Amphitheatre of Capua – Santa Maria Capua Vetere, Italy - Atlas Obscura

Amphitheatre of Capua

This Roman amphitheatre was also the location of the first gladiator school. 


The ancient city of Capua was one of the most important cities in Italy during the epoch of the Roman civilization. Here, Anfiteatro Campano—the first of many Roman amphitheatres—housed the first gladiator school, starting a tradition that became a symbol of the Roman culture.

With a wide elliptical shape, measuring 170-meter-long major axis and a 139-meter-long minor axis, this is the second biggest amphitheatre ever built by Romans, behind only the Colosseum, which was itself modeled on Anfiteatro Campano. It was divided in four levels, with a total height of 46 meters and it was decorated with numerous statues.

Probably built in the 1st century BC, it was restored many times in the following centuries. After the fall of the Roman Empire, the amphitheatre was damaged by the Vandals and later destroyed, along with most of the city of Capua, by the Saracens. Later the ruins of the amphitheatre were used as a quarry of marble for the construction of the new Duomo and the Lombard Castle, but also many other buildings in the new nearby town established after the destruction of Capua. Only during the 18th century, the amphitheatre was declared a national monument and the depredation stopped.

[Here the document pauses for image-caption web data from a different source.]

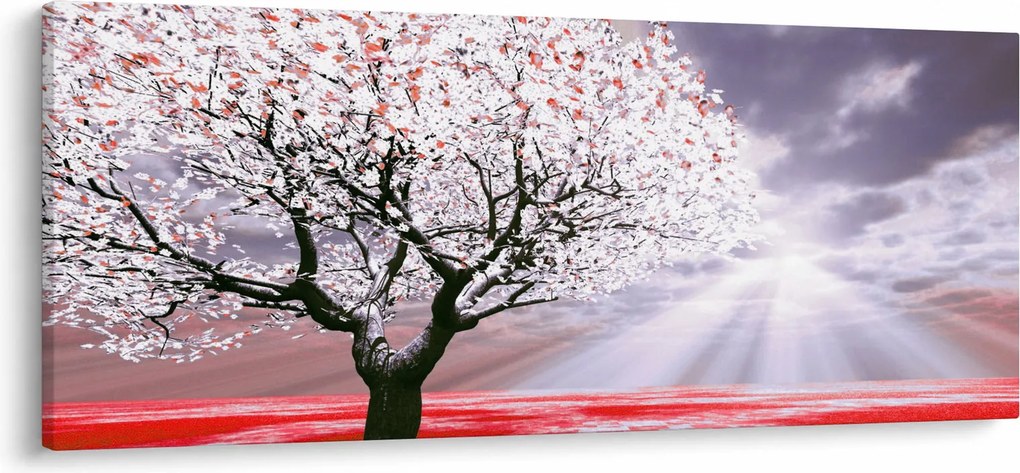 Tablou cu pomul roșu (120x50 cm)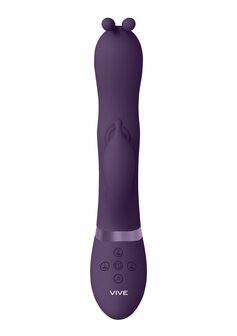 Triple Action Vibrating Rabbit with PulseWave Shaft - Purple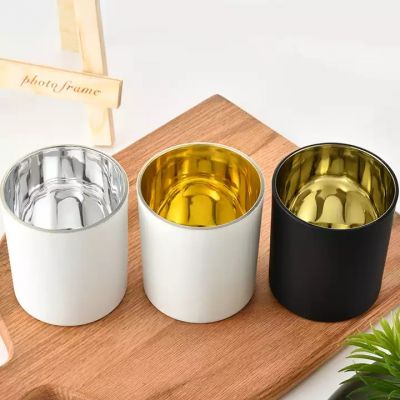 Wholesale Black White Glass Electroplated Frosted Candle Jar Container Vessels with Lids for Soy Wax Scented Candle Making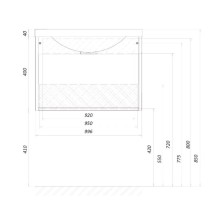 Тумба белый глянец 99,6 см 1Marka Этюд У51045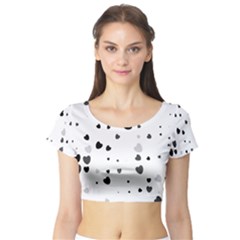 Black Hearts Short Sleeve Crop Top (tight Fit)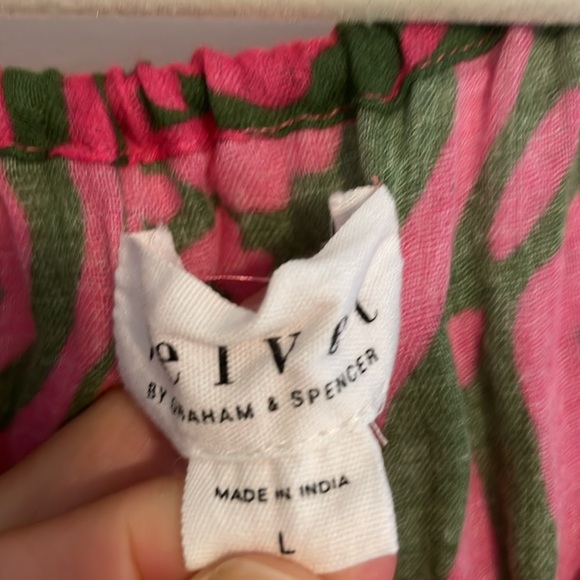 Velvet by Graham & Spencer Pink & Green Sasha Printed Cotton Gauze Midi Dress XL - Picture 6 of 10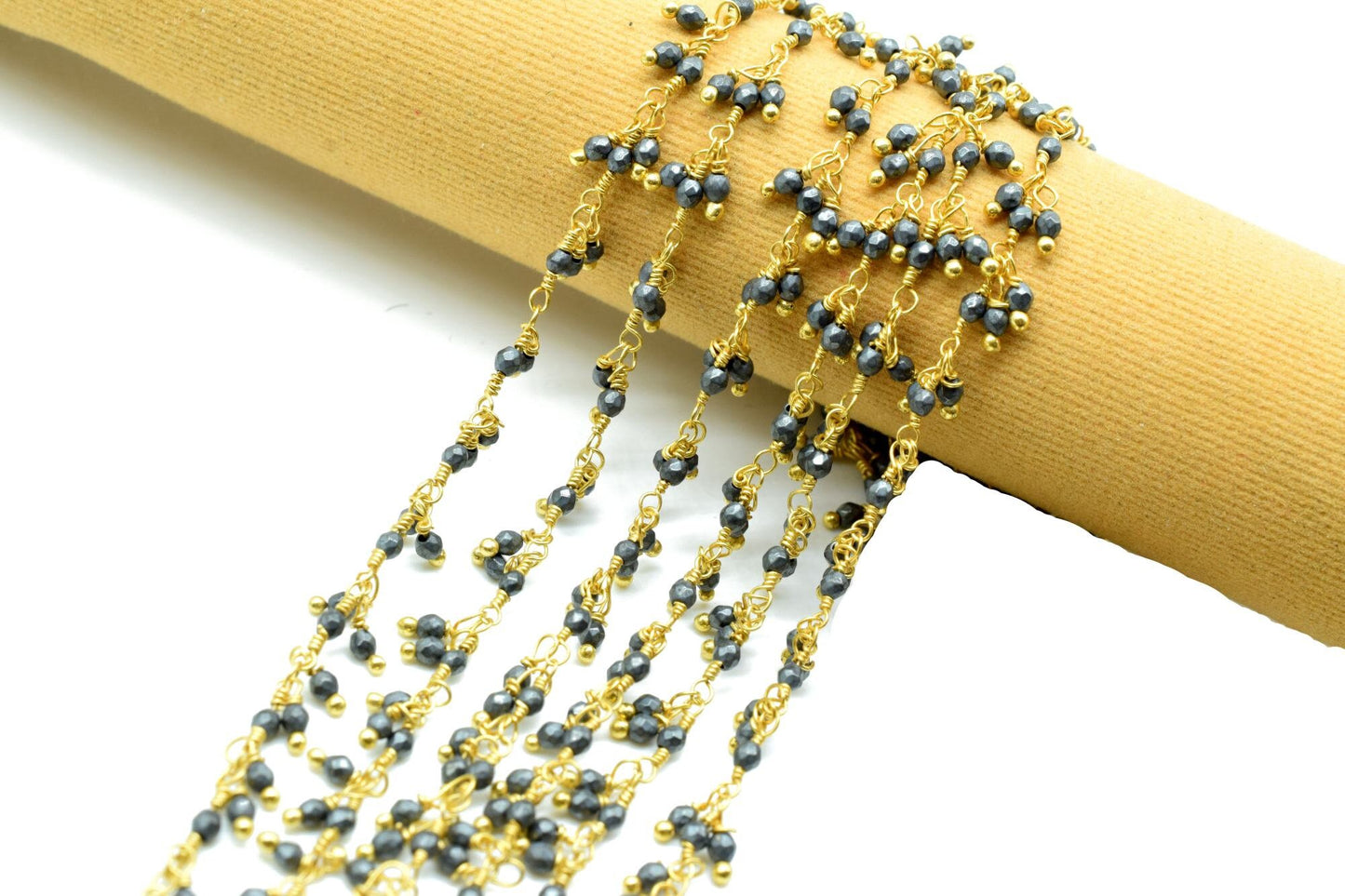 Pyrite 2mm Cluster Rosary Chain,Pyrite Rosary Faceted Chain,Wire Wrapped Beaded Chain By Foot,Unqiue beaded Chain,Pyrite Dangling Chain,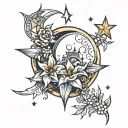 moon, stars and December flowers intertwined tattoo design idea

Anfiteatro Campano was also the site of the first and most famous gladiator school. Here in 73 BC, the famous rebellion of Spartacus took place, with over 70 slave-gladiators escaping from the school and later defeating the Roman army sent to capture them. This event sparked a two-year war between the rebel slaves and gladiators, that gathered an army of 120,000 men, and the Roman Republic. Ultimately the rebellious army was defeated, but the events of the war influenced Roman politics for centuries.

Know Before You Go

The Anfiteatro Campano is located on the Piazza Adriano. Admission tickets start at $4.64 USD and private tours start at $76 USD.